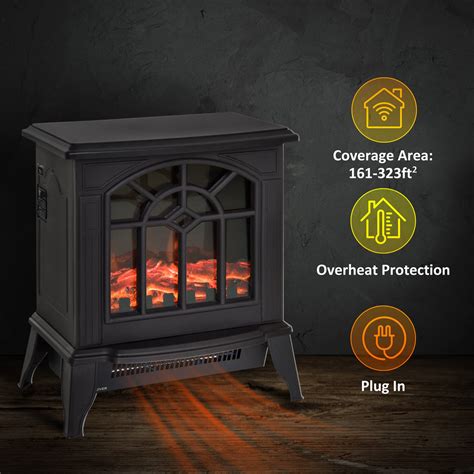 Homcom Electric Fireplace Heater Fireplace Stove With Realistic Led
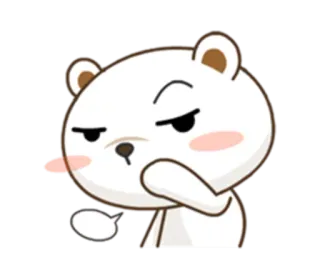 😒 oso, dibujos animados, lindo, animal, pegatina telegram sticker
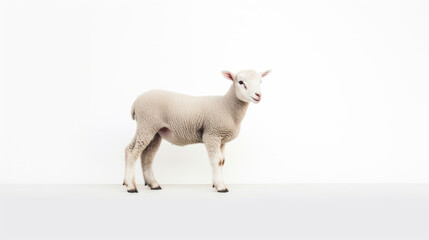 Fototapeta premium animal on the white Background a Lamb generative ai
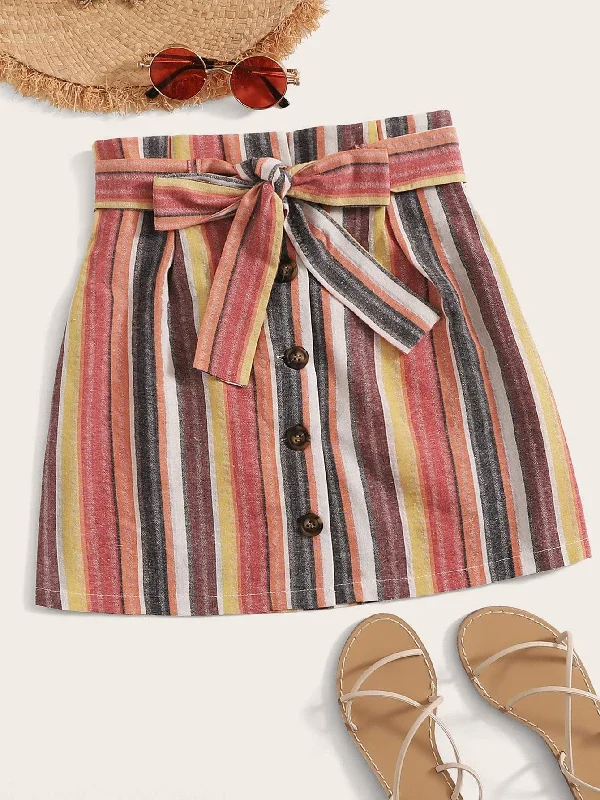 Plus Multicoloured Striped Button Front Skirt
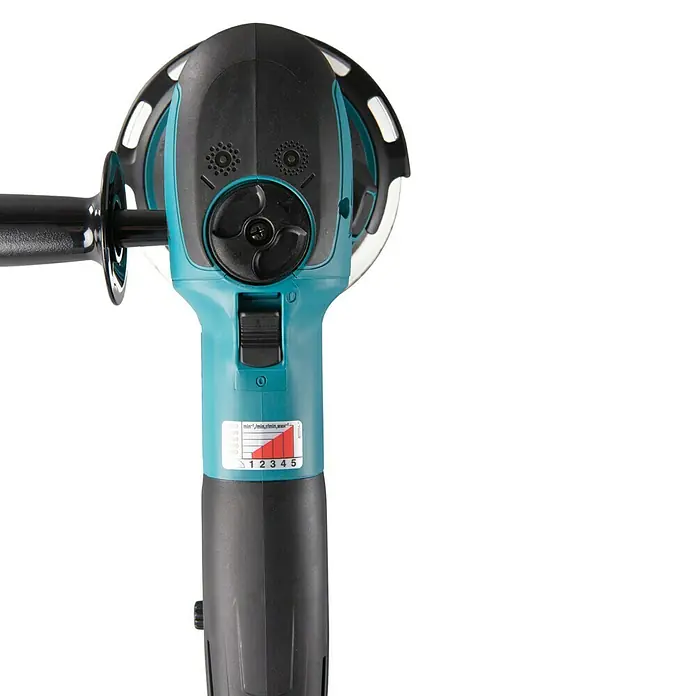 Makita Elektro-Exzenterschleifer BO6050J - 750 W, Durchmesser Schleifteller: 150 mm - Nahaufnahme eines Schleifgeräts mit blaugrünem Gehäuse, schwarzem Griff und einem abgerundeten Schutz für präzises Schleifen.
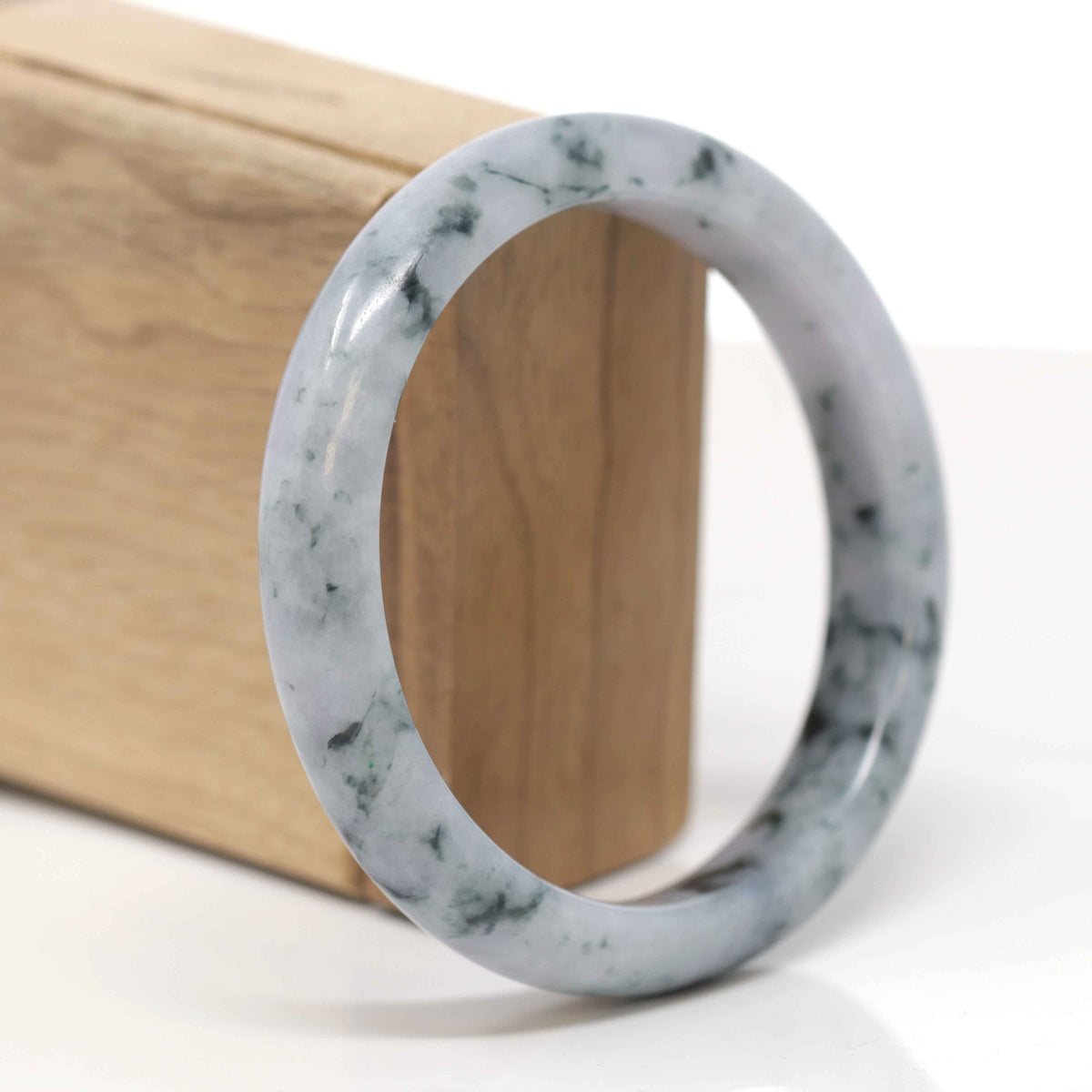 Baikalla Natural Light Lavender W/ Blue-Green Flowers Jadeite Jade "Half Round" Bangle Bracelet (61mm) 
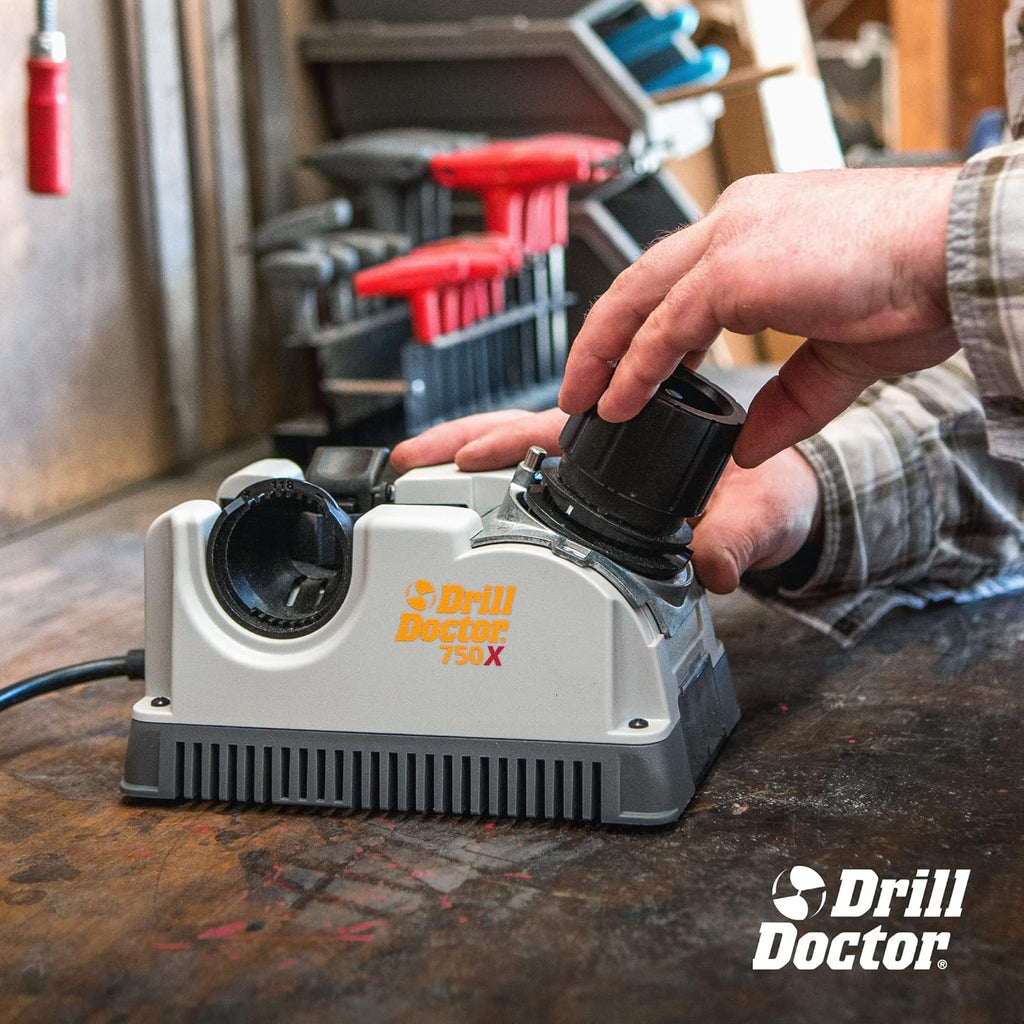 Drill Doctor DD750X Electric Drill Bit Sharpener, 3/32-3/4' High-Speed, Portable - Steel, Masonry, Carbide, Cobalt, Tin-Coated Bits, Adjustable Angles
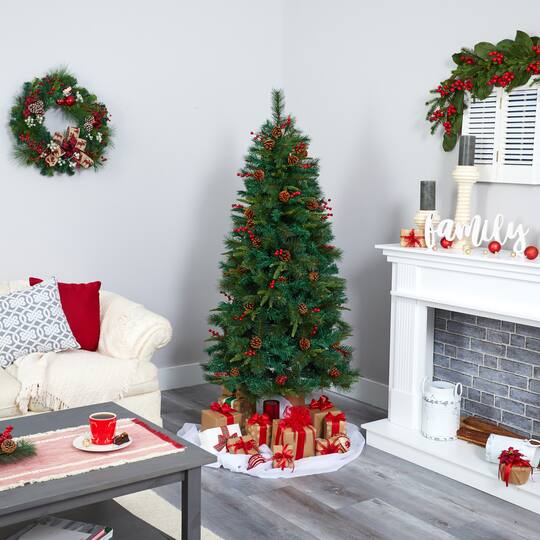 6ft. Pre-Lit Mixed Pine Artificial Christmas Tree, Clear LED Lights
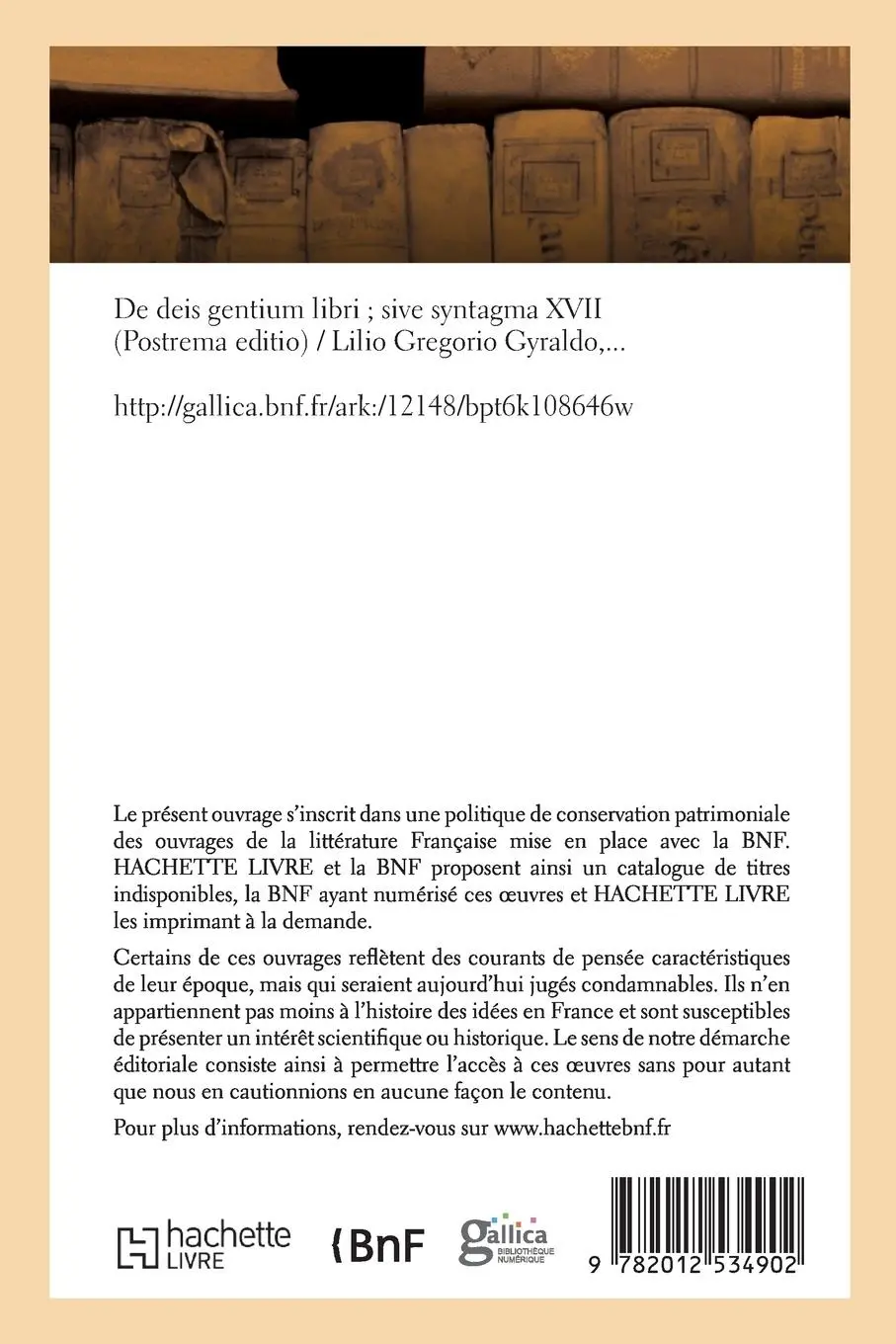 Rückseite: 9782012534902 | de Deis Gentium Libri Sive Syntagma XVII (Postrema Editio) (Éd.1565)
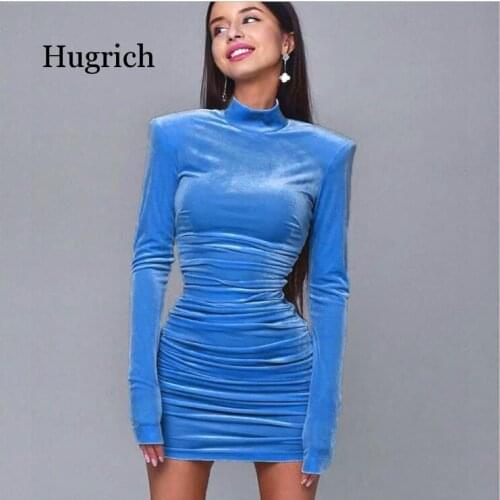 Sexy Slim-Fit Pleated Fashion Tight-Fitting Hip Skirt Velvet Mini Dress Women Autumn Long Sleeve High Neck Party Dresses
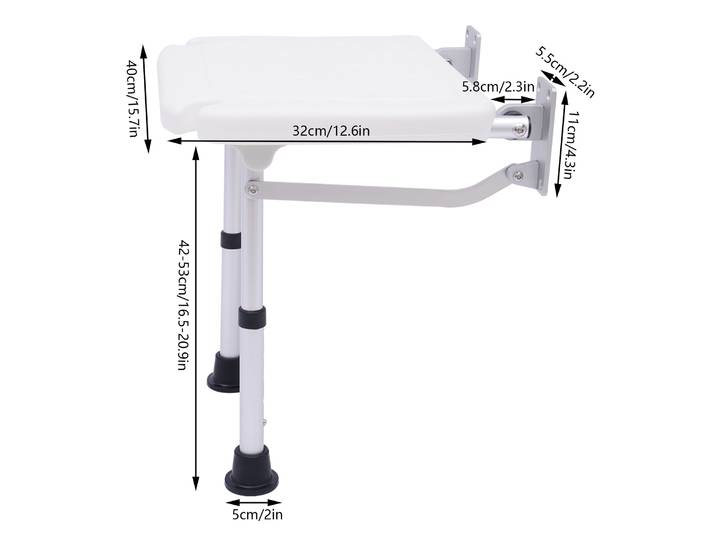 Le plus récent siège de douche mural pliant, chaise de douche pliante pour adultes, capacité de 100 kg pour personnes âgées, tabouret de bain en alliage d'aluminium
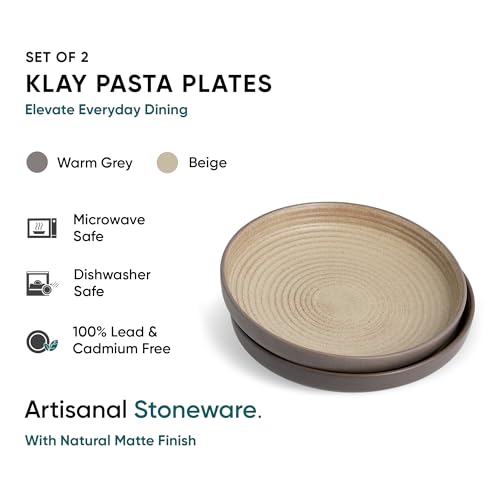 Shay Pasta Plate Set, 21cm, 2 Pieces, Klay Grey | Matte Finish | Pasta Bowl | Deep Plate (Pasta Plate - Klay Grey) - Image 3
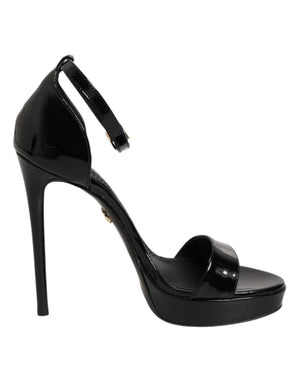 Schwarze Leder-Plateau-Sandalen Keira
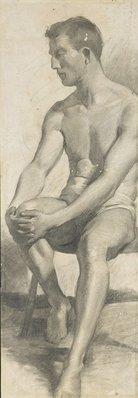 Alternate image of (Standing male nude, back view) by Hugh Ramsay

++++

§ **WORK ORDER**
Copy the records exactly, leaving out every picture.

§ **SOLUTION TO THIS EXERCISE**
 Homcom Electric Fireplace Heater Fireplace Stove With Realistic Led
 😒 oso, dibujos animados, lindo, animal, pegatina telegram sticker
 Fototapeta premium animal on the white Background a Lamb generative ai
 Plus Multicoloured Striped Button Front Skirt
 Makita Elektro-Exzenterschleifer BO6050J - 750 W, Durchmesser Schleifteller: 150 mm - Nahaufnahme eines Schleifgeräts mit blaugrünem Gehäuse, schwarzem Griff und einem abgerundeten Schutz für präzises Schleifen.
 Baikalla Natural Light Lavender W/ Blue-Green Flowers Jadeite Jade "Half Round" Bangle Bracelet (61mm) 
 Drill Doctor DD750X Electric Drill Bit Sharpener, 3/32-3/4' High-Speed, Portable - Steel, Masonry, Carbide, Cobalt, Tin-Coated Bits, Adjustable Angles
 6ft. Pre-Lit Mixed Pine Artificial Christmas Tree, Clear LED Lights
 Rückseite: 9782012534902 | de Deis Gentium Libri Sive Syntagma XVII (Postrema Editio) (Éd.1565)
 Sexy Slim-Fit Pleated Fashion Tight-Fitting Hip Skirt Velvet Mini Dress Women Autumn Long Sleeve High Neck Party Dresses
 Le plus récent siège de douche mural pliant, chaise de douche pliante pour adultes, capacité de 100 kg pour personnes âgées, tabouret de bain en alliage d'aluminium
 Shay Pasta Plate Set, 21cm, 2 Pieces, Klay Grey | Matte Finish | Pasta Bowl | Deep Plate (Pasta Plate - Klay Grey) - Image 3
 Schwarze Leder-Plateau-Sandalen Keira
 Alternate image of (Standing male nude, back view) by Hugh Ramsay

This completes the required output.